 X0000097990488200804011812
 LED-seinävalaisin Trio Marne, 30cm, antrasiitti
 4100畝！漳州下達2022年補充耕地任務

==

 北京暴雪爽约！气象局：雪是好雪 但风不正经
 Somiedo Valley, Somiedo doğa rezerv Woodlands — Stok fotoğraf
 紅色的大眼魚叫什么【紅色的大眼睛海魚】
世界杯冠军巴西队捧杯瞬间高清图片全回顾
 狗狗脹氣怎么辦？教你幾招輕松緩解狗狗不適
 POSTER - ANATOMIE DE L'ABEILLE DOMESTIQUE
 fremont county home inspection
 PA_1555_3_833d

» **WORK INSTRUCTIONS**
For the listing above, print only the lines starting at the line containing "POSTER - ANATOMIE DE L'ABEILLE DOMESTIQUE" and ending at the line containing "PA_1555_3_833d", exactly, both included.

» **EXPECTED ANSWER**
 POSTER - ANATOMIE DE L'ABEILLE DOMESTIQUE
 fremont county home inspection
 PA_1555_3_833d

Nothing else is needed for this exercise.